There are a number of restored homes in the Quarter worth peeking into for their period antiques and furnishings. The Beauregard-Keyes House and Garden (1113 Chartres Street; 504-523-7257), built in 1826, is an example of the Greek Revival style, and was home to Civil War general Pierre G.T. Beauregard and, later, writer Frances Parkinson Keyes. Gallier House (1132 Royal Street; 504-525-5661) is so accurately restored to its Victorian finery that it's literally like stepping back a hundred years. Built in 1831, the Hermann-Grima House (820 St. Louis St.; 504-525-5661) is a Federal mansion with courtyard garden, horse stable and the only functioning outdoor kitchen in the Quarter. Napoleon House (500 Chartres Street; 504-524-9752) was originally built by the mayor of New Orleans for Napoleon I as part of an unlikely plot to rescue the emperor from exile. Rather than saving any of the Napoleons, the Napoleon House, now a caf?, serves them to dessert-hungry patrons.
Stroll down Royal Street to find those rows of stucco apartments with wrought-iron balconies you've always pictured when you think of the Big Easy. Between Bienville and St. Peter Streets are some of the city's best antique shops. Bourbon Street, with its perpetual aroma of stale beer, is a must-see (if only once) -- teeming with drunk rednecks, dense with gaudy signage, and lined with bars and strip shows blaring with noise.
The Historic Voodoo Museum (724 Dumaine St; 504-680-0128; call for hours/tours) contains paintings, ceremonial objects, potions, gris-gris -- little pouches filled with pungent herbs (remember Rosemary's Baby?) -- and magic talismans to ward off evil spirits.
The Warehouse/Arts District, a stretch of old industrial warehouses that have been renovated over the last 20-plus years into an artsy enclave, is home to the Contemporary Arts Center (900 Camp St; 504-528-3805). It's worth a look for its revolving exhibits of various media by local artists. Galleries are open Thursday through Sunday.

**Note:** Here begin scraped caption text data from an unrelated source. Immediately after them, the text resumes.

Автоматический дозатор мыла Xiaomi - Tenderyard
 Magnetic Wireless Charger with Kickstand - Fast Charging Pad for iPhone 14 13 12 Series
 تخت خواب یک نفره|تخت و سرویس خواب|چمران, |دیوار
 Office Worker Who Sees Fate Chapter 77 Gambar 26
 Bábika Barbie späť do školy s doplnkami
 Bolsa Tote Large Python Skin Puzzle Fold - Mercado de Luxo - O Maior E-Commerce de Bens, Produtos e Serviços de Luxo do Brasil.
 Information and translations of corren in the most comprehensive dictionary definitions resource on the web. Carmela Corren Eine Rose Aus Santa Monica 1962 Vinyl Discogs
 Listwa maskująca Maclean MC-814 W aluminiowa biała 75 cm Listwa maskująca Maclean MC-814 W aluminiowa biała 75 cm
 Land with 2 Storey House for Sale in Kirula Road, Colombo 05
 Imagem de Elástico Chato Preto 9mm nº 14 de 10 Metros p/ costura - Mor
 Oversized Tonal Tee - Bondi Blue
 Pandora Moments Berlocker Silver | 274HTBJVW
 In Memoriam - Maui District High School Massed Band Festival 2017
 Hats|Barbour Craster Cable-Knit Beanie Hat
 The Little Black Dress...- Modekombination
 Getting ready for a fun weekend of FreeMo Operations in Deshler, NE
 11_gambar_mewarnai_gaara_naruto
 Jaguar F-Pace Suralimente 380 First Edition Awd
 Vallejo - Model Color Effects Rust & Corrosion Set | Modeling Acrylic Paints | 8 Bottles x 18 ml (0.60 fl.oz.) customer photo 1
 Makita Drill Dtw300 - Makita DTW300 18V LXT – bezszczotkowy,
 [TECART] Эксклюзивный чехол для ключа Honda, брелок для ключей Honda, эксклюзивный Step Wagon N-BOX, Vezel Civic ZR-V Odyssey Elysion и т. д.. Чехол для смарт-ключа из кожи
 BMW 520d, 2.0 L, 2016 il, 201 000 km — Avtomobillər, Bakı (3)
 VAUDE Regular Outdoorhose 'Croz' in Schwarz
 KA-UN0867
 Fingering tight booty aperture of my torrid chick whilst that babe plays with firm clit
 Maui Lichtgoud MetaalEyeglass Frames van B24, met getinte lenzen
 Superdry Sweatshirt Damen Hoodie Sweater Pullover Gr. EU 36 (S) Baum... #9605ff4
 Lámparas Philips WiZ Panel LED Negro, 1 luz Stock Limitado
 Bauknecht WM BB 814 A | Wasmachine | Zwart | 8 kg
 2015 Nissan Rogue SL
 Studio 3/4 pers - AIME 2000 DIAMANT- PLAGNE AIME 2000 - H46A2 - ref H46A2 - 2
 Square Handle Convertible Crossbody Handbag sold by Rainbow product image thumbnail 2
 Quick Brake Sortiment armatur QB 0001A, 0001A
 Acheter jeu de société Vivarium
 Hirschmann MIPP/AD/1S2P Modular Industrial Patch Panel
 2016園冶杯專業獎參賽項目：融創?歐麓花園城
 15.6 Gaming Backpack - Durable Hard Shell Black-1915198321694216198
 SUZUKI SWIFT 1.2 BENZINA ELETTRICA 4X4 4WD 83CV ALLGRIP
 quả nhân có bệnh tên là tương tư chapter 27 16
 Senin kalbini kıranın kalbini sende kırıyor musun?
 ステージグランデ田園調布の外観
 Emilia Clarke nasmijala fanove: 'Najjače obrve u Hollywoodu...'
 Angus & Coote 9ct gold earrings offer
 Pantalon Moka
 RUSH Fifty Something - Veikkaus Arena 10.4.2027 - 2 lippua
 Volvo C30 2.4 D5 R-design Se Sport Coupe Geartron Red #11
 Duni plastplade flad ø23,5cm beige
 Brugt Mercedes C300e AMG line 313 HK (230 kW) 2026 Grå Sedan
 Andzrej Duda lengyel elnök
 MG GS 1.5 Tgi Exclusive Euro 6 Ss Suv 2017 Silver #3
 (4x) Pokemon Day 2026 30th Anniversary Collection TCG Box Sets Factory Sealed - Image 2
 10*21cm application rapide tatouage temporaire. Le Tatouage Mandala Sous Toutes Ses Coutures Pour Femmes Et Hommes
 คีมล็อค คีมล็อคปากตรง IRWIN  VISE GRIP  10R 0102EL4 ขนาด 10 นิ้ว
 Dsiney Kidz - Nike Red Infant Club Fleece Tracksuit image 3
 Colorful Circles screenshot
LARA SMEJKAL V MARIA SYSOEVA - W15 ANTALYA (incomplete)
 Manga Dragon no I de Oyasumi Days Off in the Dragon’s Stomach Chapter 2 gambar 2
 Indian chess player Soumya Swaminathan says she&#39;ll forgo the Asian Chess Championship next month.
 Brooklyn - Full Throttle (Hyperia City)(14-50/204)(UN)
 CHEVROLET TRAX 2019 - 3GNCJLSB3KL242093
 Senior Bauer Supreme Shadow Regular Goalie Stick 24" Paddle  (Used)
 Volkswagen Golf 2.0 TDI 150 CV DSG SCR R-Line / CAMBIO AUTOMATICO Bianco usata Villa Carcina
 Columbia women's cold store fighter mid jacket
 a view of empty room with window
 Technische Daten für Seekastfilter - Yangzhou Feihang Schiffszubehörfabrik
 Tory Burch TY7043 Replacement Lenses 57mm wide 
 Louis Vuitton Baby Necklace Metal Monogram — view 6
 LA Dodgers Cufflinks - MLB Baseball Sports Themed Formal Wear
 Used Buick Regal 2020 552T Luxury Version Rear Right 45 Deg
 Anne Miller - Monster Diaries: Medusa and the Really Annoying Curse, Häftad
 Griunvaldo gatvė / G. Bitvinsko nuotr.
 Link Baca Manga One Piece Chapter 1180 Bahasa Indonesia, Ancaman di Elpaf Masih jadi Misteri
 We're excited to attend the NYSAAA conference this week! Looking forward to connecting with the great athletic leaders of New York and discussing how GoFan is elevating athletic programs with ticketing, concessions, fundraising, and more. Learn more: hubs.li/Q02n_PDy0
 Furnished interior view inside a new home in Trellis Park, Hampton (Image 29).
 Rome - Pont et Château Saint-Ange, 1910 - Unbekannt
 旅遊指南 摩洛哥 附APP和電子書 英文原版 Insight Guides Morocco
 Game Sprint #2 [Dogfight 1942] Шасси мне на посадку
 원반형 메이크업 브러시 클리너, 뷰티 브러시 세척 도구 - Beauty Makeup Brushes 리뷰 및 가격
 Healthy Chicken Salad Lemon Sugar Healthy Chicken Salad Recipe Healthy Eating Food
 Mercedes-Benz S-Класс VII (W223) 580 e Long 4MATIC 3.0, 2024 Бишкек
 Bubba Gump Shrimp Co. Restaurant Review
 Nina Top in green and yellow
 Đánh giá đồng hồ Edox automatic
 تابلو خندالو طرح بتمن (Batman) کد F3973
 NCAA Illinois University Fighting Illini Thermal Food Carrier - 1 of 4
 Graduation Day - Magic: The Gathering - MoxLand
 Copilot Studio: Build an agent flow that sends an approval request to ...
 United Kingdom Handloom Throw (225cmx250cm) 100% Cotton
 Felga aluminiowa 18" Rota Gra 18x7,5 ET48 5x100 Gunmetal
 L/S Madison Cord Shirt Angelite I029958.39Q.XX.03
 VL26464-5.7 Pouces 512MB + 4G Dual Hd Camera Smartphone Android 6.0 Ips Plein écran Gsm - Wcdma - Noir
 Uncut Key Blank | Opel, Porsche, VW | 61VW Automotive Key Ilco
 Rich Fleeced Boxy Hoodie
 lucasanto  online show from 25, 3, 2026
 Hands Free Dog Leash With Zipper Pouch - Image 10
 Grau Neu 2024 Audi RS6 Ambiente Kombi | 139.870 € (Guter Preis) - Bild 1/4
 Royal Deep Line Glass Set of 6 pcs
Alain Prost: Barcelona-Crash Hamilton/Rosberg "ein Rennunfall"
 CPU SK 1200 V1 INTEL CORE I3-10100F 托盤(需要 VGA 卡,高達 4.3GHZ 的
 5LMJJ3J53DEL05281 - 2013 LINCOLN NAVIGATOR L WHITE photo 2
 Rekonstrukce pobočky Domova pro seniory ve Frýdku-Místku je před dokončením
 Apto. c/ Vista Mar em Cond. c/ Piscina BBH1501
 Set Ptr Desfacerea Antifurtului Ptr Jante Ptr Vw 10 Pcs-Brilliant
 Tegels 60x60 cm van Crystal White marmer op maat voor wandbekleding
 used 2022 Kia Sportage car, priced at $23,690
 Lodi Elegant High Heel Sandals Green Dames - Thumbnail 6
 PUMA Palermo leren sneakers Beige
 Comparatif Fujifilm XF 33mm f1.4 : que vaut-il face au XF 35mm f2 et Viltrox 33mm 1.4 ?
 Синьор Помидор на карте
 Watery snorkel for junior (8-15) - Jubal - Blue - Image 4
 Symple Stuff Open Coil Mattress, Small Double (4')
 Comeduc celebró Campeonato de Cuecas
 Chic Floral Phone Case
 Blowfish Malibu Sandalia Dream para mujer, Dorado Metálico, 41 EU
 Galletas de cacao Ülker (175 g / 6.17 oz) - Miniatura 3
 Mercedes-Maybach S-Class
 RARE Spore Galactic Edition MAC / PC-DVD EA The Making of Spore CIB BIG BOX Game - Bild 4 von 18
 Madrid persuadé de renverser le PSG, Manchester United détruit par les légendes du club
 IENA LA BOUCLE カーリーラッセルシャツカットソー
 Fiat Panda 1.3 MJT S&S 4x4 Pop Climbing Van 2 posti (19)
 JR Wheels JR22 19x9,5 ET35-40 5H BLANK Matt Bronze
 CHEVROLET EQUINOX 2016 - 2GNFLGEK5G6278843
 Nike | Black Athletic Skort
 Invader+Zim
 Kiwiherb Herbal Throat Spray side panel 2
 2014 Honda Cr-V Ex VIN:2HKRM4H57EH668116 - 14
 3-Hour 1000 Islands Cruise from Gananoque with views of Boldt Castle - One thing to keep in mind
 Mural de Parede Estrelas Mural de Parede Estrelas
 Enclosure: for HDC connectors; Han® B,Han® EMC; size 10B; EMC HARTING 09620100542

Art and antique lovers should check out Julia Street in the Warehouse/Arts District, home to many contemporary art galleries. Gay-owned, Arthur Roger Gallery (432 Julia St; 504-522-1999), in operation since 1978, represents regional and national artists, and with over 5,000 square feet of exhibition space, is one of largest galleries in New Orleans. Arthur Roger will gladly provide information on the Coordinated Gallery Openings, which take place the first Saturday of each month in the Warehouse/Arts District.
Other annual events on Julia Street include White Linen Night, the first Saturday in August, and Art for Art's Sake, the first Saturday in October.